* Try it
Copy out the data word for word. The images are not part of the copy.

* Data

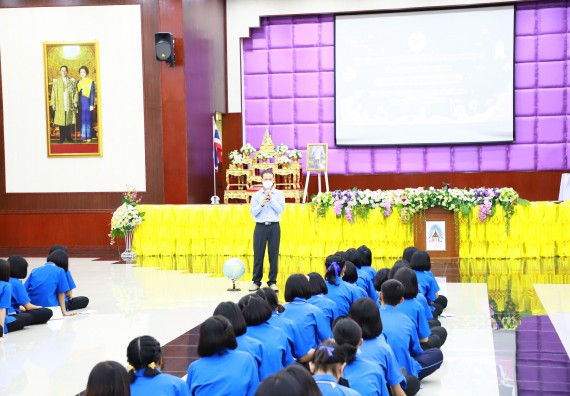 ภาพกิจกรรม  คณะวิทยาศาสตร์และเทคโนโลยี จัดกิจกรรมค่ายวิทยาศาสตร์เทคโนโลยีและดาราศาสตร์  โรงเรียนราชประชานุเคราะห์ 55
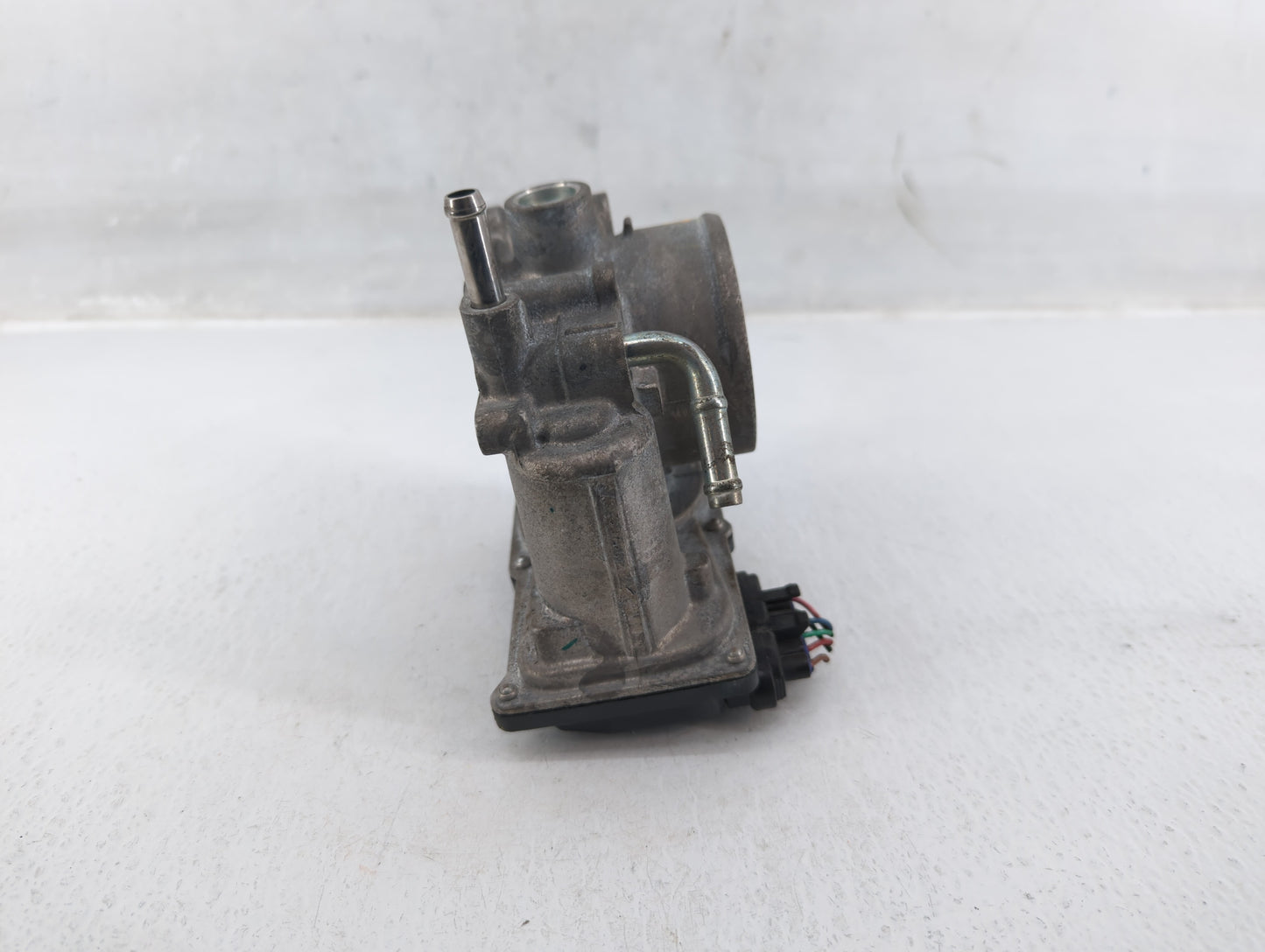 2013-2019 Subaru Legacy Throttle Body P/N:16112AA38A Fits Fits 2013 2014 2015 2016 2017 2018 2019 OEM Used Auto Parts - Oemu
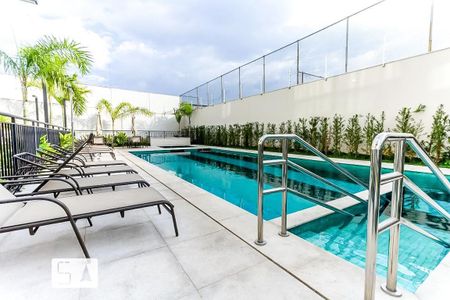 Apartamento à venda com 63m², 2 quartos e 1 vaga Apartamento à venda com 63m², 2 quartos e 1 vagaÁrea comum - Piscina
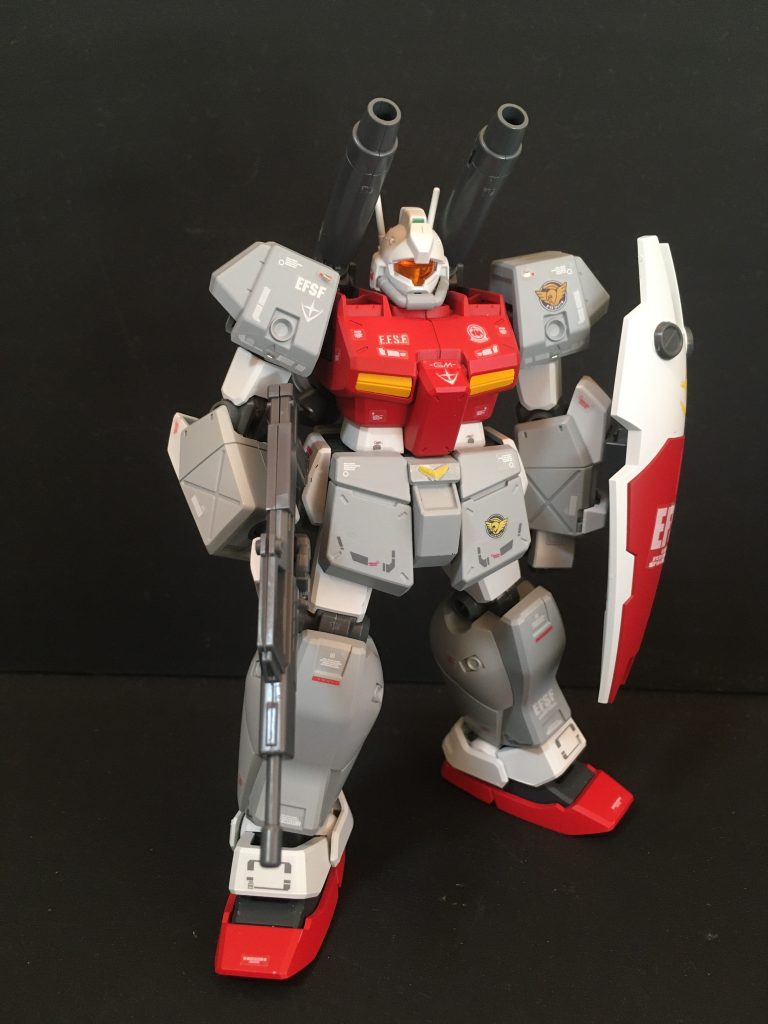 最初はなるべく白色部分を残したかったので、肩、腰、脛パーツは白色塗装としていたのですが、マッチョなのに白色は全体感がよろしくなく、明灰白色に塗り替えました。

* Your solution
 ภาพกิจกรรม  คณะวิทยาศาสตร์และเทคโนโลยี จัดกิจกรรมค่ายวิทยาศาสตร์เทคโนโลยีและดาราศาสตร์  โรงเรียนราชประชานุเคราะห์ 55
 2013-2019 Subaru Legacy Throttle Body P/N:16112AA38A Fits Fits 2013 2014 2015 2016 2017 2018 2019 OEM Used Auto Parts - Oemu
 Apartamento à venda com 63m², 2 quartos e 1 vaga Apartamento à venda com 63m², 2 quartos e 1 vagaÁrea comum - Piscina
 最初はなるべく白色部分を残したかったので、肩、腰、脛パーツは白色塗装としていたのですが、マッチョなのに白色は全体感がよろしくなく、明灰白色に塗り替えました。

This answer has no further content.